Let’s look at some examples.
Example 1 – Playing Runner versus Hard-Hitting News
As a new player, this in one of those situations where you need a strategy or you most assuredly will lose. Decks that play HHN want to cover you in tags, and the moment they do the win-percentage usually swings greatly in their favor.
The common fundamental strategy is to play around this by only running when you can afford to clear all 4 tags the next turn. The more money you have in the bank, the better. The reason is twofold, more money means it costs the corp more to tag you. Also, if you have 8 or more credits you can clear four tags the following round.
If your deck allows it you might instead fetch a solution from it such as Misdirection or On The Lam. In that case your strategy might be to dig for this card while accomplishing side-objectives.
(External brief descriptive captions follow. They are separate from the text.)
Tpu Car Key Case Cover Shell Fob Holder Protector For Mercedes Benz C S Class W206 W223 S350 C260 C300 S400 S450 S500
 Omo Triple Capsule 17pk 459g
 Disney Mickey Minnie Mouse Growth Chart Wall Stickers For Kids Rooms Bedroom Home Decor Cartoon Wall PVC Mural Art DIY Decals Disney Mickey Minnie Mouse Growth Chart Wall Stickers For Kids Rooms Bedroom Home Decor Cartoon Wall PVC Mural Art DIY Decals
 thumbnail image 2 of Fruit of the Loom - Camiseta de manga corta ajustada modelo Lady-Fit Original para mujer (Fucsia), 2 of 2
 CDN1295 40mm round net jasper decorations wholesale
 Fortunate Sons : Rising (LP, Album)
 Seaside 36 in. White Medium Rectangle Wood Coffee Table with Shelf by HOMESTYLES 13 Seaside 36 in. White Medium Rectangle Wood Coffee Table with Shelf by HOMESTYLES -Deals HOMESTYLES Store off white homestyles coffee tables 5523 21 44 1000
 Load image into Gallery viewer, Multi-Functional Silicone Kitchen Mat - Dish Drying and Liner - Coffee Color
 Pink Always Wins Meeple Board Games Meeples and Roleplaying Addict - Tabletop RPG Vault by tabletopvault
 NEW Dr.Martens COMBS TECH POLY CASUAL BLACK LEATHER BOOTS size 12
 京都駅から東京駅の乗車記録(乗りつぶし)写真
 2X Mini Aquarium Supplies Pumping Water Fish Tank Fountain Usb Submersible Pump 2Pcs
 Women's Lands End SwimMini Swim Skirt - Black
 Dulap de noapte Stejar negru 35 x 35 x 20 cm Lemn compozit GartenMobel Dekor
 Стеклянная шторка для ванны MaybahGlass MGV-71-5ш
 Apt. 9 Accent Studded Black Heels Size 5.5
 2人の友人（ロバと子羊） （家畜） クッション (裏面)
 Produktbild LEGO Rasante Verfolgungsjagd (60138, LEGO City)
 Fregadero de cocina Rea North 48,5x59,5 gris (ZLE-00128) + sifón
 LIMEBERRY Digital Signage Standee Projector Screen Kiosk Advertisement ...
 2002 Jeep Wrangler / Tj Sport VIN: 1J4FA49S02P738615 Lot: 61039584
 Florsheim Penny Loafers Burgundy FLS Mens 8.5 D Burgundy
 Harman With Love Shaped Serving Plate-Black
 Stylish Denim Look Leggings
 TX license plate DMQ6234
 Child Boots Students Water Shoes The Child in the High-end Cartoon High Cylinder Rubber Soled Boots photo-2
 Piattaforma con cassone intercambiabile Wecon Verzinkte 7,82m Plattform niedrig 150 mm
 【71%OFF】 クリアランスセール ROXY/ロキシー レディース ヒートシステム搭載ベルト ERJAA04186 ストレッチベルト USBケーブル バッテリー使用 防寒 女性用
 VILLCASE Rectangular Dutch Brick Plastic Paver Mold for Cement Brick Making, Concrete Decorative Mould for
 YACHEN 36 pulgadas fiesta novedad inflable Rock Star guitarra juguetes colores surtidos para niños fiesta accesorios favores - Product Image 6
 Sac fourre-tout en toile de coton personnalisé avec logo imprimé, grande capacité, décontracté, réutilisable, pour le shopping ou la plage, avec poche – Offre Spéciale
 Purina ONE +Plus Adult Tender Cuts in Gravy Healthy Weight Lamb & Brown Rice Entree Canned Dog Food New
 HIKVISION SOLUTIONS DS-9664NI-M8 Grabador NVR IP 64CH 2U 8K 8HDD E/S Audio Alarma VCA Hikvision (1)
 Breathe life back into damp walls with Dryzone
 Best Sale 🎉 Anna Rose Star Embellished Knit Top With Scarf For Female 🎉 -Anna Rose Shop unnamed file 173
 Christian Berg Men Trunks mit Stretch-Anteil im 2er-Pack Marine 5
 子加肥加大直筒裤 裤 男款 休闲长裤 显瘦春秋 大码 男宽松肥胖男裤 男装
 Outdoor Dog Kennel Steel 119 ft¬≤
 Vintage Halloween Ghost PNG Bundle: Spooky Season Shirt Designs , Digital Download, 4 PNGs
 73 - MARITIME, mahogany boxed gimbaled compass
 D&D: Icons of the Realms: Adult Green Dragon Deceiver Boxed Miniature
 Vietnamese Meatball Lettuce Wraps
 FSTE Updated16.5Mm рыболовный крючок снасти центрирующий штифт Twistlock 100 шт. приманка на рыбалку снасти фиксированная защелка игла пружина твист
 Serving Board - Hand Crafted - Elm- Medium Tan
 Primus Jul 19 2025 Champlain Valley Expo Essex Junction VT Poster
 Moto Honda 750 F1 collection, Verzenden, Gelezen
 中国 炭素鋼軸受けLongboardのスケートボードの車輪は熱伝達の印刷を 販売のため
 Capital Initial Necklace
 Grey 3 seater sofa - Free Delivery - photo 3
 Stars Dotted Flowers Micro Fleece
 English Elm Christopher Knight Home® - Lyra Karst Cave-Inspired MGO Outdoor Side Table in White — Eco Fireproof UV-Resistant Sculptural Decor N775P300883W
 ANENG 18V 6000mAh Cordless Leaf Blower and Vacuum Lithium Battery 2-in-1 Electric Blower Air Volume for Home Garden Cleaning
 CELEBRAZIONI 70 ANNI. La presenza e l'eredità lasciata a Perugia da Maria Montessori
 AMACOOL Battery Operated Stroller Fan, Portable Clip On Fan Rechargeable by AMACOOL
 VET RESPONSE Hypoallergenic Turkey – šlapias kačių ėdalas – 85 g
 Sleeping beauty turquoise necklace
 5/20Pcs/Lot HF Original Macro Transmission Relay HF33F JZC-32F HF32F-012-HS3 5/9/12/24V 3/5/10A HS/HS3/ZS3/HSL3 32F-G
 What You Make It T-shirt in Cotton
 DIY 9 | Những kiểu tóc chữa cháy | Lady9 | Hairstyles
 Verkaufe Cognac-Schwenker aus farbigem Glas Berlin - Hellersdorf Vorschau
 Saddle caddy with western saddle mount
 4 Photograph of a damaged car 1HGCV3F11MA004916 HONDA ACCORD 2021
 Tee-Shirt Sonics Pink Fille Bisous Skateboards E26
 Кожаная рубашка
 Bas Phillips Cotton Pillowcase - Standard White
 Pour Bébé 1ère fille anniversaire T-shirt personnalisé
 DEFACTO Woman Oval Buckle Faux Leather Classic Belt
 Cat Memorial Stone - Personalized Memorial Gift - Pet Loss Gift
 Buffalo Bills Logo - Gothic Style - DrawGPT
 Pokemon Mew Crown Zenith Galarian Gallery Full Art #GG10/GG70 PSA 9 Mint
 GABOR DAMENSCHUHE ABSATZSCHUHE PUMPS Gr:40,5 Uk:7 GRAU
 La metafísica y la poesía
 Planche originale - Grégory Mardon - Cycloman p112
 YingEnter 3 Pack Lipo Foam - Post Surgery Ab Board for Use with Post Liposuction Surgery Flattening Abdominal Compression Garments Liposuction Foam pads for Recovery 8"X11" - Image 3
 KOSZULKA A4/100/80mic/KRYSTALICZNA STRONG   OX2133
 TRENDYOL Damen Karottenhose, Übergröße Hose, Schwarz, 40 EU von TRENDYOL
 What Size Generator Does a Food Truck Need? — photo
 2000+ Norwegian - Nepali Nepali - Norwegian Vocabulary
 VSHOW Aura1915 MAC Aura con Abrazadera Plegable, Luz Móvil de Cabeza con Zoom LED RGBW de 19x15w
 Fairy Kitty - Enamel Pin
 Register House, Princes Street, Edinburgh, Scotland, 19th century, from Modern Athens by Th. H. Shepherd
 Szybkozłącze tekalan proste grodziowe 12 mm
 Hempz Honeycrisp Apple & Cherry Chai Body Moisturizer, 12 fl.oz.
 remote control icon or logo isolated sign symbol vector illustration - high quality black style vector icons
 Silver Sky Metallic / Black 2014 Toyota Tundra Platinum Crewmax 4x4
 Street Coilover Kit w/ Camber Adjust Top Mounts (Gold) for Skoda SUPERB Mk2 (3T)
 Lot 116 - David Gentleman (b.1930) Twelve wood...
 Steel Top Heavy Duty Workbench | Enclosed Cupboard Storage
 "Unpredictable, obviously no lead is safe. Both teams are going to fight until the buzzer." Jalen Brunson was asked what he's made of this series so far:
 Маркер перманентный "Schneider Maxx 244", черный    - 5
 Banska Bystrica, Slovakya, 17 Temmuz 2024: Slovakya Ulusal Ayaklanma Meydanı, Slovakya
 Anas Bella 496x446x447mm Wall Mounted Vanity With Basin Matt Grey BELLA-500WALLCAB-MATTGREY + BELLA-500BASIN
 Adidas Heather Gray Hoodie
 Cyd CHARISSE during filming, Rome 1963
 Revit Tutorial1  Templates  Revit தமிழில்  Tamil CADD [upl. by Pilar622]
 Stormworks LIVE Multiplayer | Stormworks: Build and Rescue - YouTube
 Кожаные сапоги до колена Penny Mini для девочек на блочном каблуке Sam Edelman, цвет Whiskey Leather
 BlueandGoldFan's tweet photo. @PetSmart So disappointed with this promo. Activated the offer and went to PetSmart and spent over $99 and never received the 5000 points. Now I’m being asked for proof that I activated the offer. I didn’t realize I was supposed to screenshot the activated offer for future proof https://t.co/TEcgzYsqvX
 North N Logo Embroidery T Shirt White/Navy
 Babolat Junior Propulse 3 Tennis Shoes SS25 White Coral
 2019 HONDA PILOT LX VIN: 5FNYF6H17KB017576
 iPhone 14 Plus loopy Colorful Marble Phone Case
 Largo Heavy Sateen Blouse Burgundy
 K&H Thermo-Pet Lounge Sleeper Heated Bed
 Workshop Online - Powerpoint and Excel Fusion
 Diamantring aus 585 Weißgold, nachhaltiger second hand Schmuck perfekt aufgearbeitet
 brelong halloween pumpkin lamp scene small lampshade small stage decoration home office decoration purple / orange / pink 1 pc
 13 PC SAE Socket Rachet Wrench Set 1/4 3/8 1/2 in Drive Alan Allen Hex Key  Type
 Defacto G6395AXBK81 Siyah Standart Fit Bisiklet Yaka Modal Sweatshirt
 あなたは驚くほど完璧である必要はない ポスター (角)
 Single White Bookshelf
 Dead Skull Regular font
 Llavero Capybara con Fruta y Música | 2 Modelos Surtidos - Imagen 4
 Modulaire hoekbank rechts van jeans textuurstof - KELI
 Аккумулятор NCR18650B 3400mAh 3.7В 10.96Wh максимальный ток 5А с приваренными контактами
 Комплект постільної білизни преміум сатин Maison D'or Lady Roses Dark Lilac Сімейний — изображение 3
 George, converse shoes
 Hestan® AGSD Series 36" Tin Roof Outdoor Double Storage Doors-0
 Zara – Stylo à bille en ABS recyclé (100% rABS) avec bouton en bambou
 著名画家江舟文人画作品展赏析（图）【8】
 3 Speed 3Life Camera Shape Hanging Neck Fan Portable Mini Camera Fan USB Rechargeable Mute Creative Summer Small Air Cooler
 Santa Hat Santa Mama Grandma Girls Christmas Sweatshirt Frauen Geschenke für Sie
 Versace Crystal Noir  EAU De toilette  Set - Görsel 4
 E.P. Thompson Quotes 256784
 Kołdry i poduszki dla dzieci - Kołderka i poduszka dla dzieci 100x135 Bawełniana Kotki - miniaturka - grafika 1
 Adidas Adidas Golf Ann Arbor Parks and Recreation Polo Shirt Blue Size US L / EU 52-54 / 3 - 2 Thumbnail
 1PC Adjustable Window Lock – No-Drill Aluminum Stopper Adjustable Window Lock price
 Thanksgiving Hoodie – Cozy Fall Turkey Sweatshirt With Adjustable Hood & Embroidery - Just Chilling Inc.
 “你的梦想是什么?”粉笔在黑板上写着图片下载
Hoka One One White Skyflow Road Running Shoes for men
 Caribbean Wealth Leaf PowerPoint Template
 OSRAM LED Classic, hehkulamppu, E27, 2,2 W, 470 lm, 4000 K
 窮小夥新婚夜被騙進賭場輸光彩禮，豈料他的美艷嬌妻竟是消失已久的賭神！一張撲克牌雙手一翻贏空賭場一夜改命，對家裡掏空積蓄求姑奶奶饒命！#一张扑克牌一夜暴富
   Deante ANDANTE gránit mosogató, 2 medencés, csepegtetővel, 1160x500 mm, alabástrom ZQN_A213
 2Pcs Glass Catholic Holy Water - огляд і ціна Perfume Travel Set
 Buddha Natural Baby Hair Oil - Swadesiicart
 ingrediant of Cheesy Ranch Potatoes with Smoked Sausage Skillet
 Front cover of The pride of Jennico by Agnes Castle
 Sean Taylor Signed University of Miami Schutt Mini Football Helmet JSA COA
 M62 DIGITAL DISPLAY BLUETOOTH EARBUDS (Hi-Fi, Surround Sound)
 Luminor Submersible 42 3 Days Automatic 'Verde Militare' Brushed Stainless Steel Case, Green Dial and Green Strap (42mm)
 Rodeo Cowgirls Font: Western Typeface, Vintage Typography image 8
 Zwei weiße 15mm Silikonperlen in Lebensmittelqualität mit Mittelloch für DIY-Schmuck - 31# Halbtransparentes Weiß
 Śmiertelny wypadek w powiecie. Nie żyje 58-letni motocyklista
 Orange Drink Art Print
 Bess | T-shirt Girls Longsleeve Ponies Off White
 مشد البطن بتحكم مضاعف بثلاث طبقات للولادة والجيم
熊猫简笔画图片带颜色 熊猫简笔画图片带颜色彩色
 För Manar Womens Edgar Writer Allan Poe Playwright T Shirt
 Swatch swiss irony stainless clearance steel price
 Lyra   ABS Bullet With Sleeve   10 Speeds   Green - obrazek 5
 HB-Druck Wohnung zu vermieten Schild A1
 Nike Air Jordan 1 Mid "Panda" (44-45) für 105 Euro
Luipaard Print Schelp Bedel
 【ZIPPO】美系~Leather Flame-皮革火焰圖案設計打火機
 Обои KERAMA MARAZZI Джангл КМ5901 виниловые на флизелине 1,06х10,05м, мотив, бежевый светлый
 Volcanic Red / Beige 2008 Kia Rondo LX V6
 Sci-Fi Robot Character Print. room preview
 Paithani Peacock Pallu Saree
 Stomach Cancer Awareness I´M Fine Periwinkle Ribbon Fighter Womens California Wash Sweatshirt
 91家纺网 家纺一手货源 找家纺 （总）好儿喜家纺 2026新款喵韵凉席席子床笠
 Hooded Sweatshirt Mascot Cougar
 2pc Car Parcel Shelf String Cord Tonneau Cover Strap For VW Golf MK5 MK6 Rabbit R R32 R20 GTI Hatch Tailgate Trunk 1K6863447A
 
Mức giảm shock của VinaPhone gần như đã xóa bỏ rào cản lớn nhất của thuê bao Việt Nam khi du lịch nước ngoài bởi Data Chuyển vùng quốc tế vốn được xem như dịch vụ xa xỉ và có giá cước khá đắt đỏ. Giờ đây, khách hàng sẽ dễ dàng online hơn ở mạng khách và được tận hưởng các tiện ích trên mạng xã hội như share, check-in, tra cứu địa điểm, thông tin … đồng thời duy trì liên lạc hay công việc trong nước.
Selecting Initial Strategy
The first thing that you need to do in a match is to choose a strategy. What then determines which path to choose? Obviously you have brought a deck with some specific strengths and weaknesses and if possible you want to play to your strengths, whether that be economy denial, scoring out quickly or having a strong late-game. Maybe it is even finding the combo pieces you need to win on the power of a specific combo alone.
However, you have an opponent in front of you. They have their own plan, and this will affect how you need to play. You need to evaluate what you know about your opponent. Who has the stronger lategame? This will give you a hint if you should rush or if you should defend and try to bleed them dry. Who can put on the most pressure early, with agressive runner play or scoring dangerous agendas? This will let you know who is vulnerable to getting rolled over by tempo and lsoe before the long game even happens. Do they have the tools to disrupt your plan?
Sometimes these things will not be clear to you, but this just means you take your best shot and evaluate after the match. The higher levels of competitive play you are at, the more important it is to adapt to your opponent. When learning the game this type of skill is inferior to getting the basics right, but when you both make very few efficiency or tactical mistakes the strategy might mean everything.
“Every battle is won before it is fought.” – Sun Tzu
I will now give you a handy guide that will help you along the way. The Strategy is set in the first turn of the game. Before spending your first click, go through these questions in your head. Try to answer them all.
- Who has the stronger lategame? – It might be you, or it might be them.
- What are their main threats? – What do you need to be wary of?
- How does your deck answer their threats? – Strategy? Tactic? Card? Bluff?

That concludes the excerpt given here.